Do destinations live up to our expectations?
I think this can even start to happen for those of us who enjoy experiencing other places. Let Instagram know you like travel and pretty soon you’ll start to notice themes. Cobblestones. Colorful walls. Old wooden shutters. Picturesque ladies’ bicycles. Is this Poland or Italy or Denmark or Russia? Traveling to a new country can involve a related sort of dissatisfaction, when you arrive to your exciting destination to find a McDonalds across from your hotel… which turns out to be a Holiday Inn Express.
If we step away from the brands and the screens, however, it’s comforting to find that the great surprising diversity of the world is still there. Since moving to Ireland a couple of years ago I’ve discovered a very small difference that never fails to delight me: the rainbows.
I know, it sounds like the cheesiest tourism poster, but it really is true. Ireland has a lot of rainbows. It’s very common here for heavy rain and dark skies to alternate quickly with blazing sunlight, which is what does the trick. It didn’t take me long to develop an instinct for it – some days I find myself scanning the sky without really consciously thinking about the weather at all.
The most fantastic rainbow I’ve ever seen was the one we encountered nearly a year ago at Fore Abbey. We had been driving around the countryside with an archaeologist friend, visiting ancient sites large and small. While we’d spent some time wandering around in stiff breezes and drizzle, for the most part we’d had bright sunshine for our explorations outdoors. The drive to Fore was astonishing, though – torrential rain hammering down on the car as we shot down small country roads.

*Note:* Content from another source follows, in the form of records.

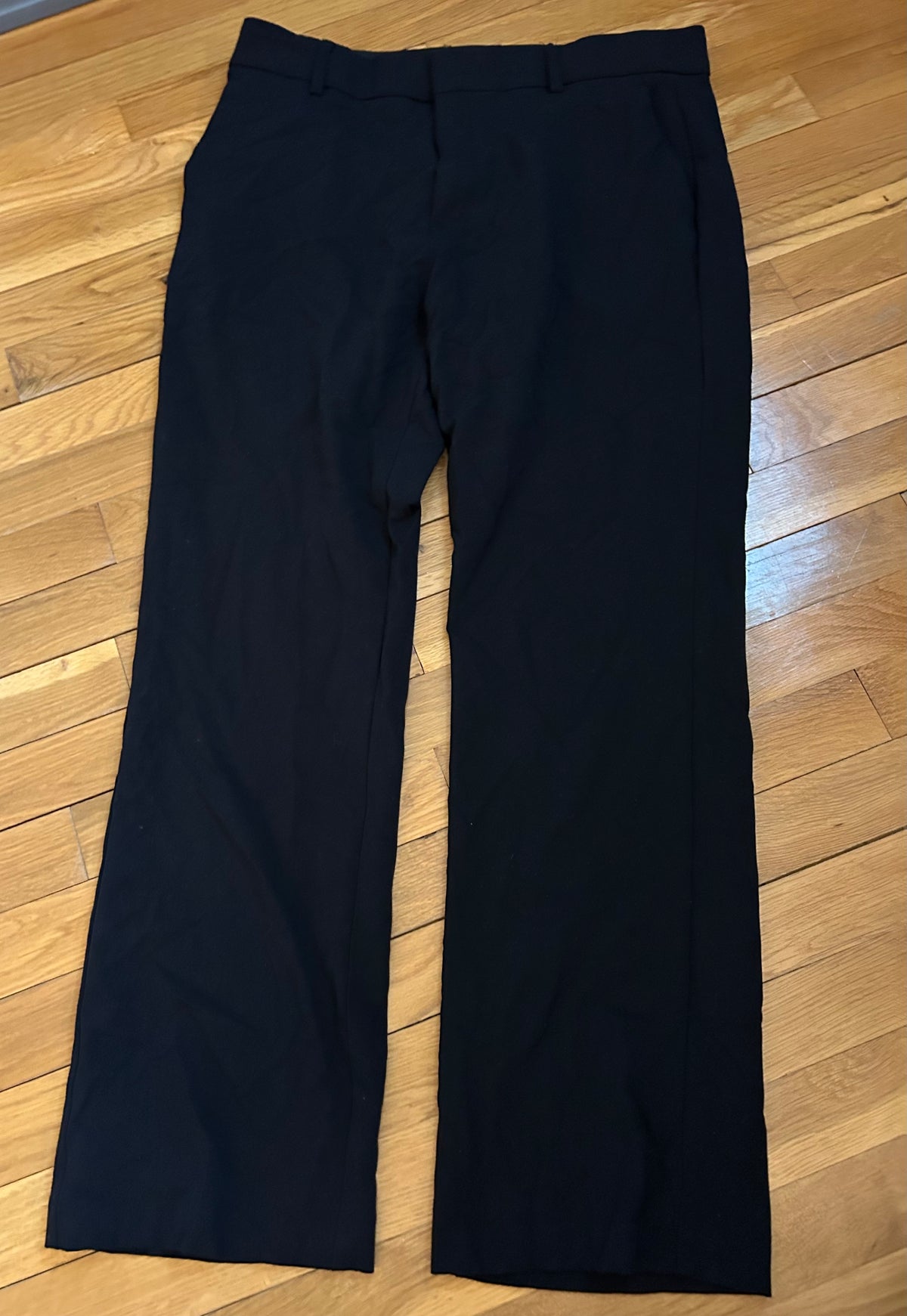 Seller 128 - Nine West Women's Size 12 Black Bootcut Dress Pants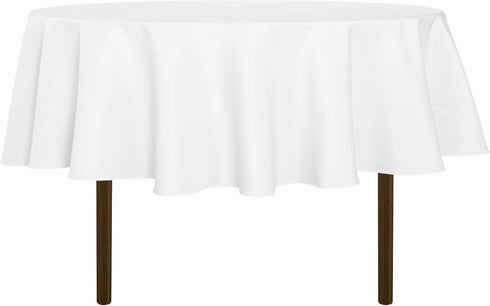 sancua 60 Inch Round Tablecloth (Fits 20-48 Inch Tables), Water Resistant Spill Proof Washable Polyester Table Cloth Decorative Fabric Table Cover...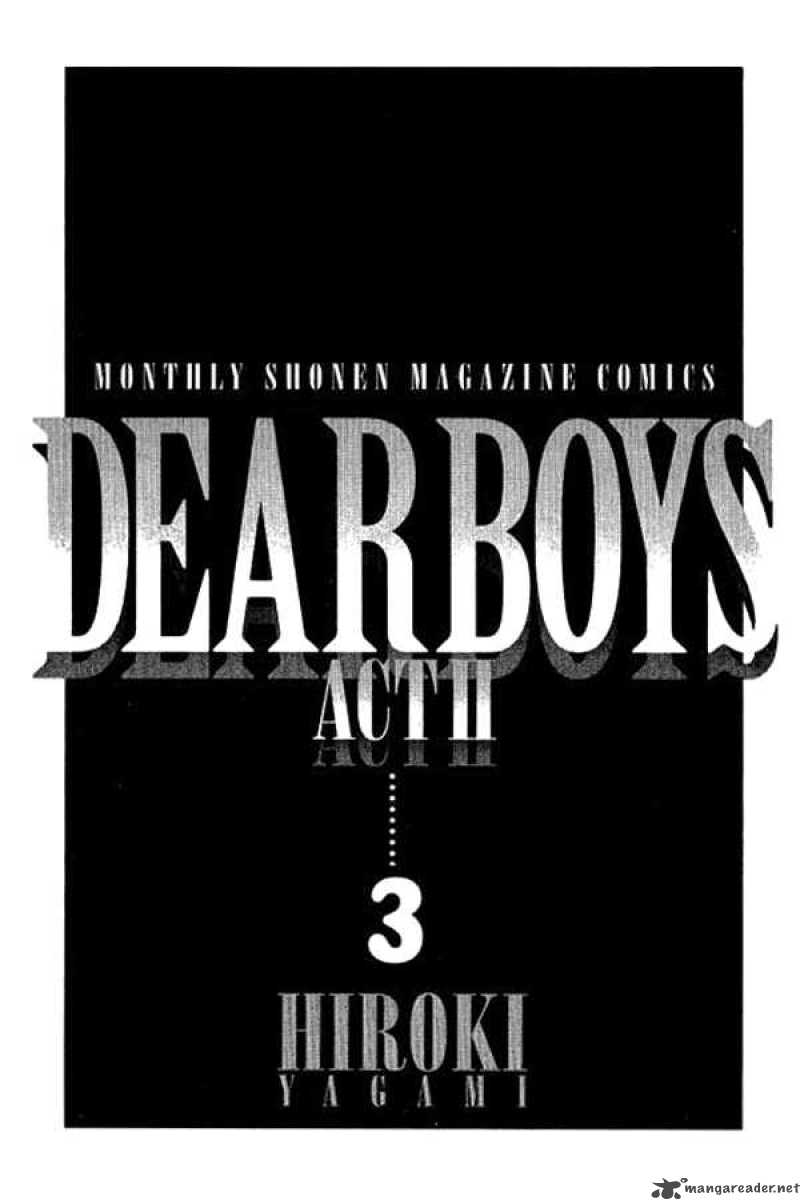 Dear Boys Act II 10 1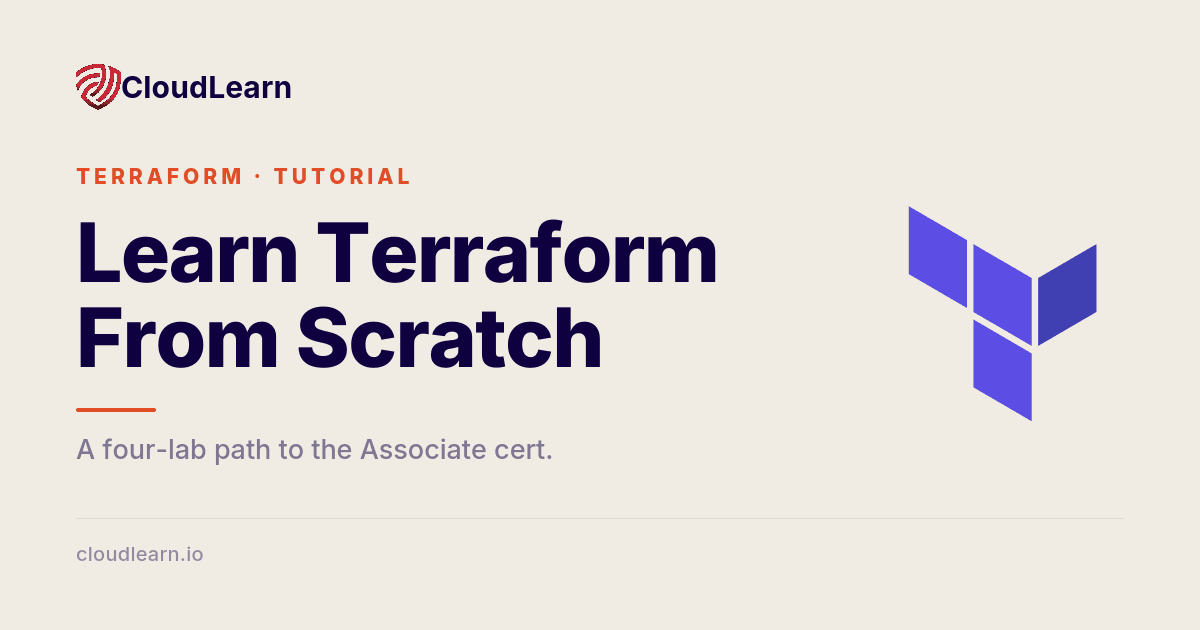 Learn Terraform From Scratch: A 4-Lab Path to the Associate Cert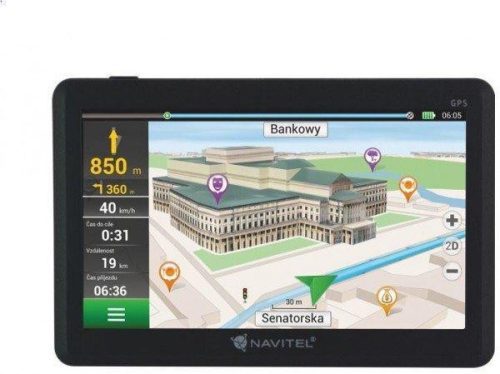 Navitel E700 Navigáció, 7", 16:9, 800x480, 43 Európai ország + Oroszország, Ukrajna, Belorúszia, Kazahsztán teljes térképe, élettartam frissítés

We were all set to admire the ruins from the carpark, but by the time we reached the abbey the clouds had cleared. Fore Abbey was founded by a St Feichin and has a legend about ‘seven wonders’ associated with the saint. We had a good chuckle at the sign describing these dubious wonders before trekking up the hillside to the 10th century church.
It was one of those instinctive moments when I turned around and saw the rainbow. It was impressive when I first saw it but as we stood there taking pictures it just intensified until it seemed to be glowing like a neon light. It was incredible; one of those moments that just takes your breath away.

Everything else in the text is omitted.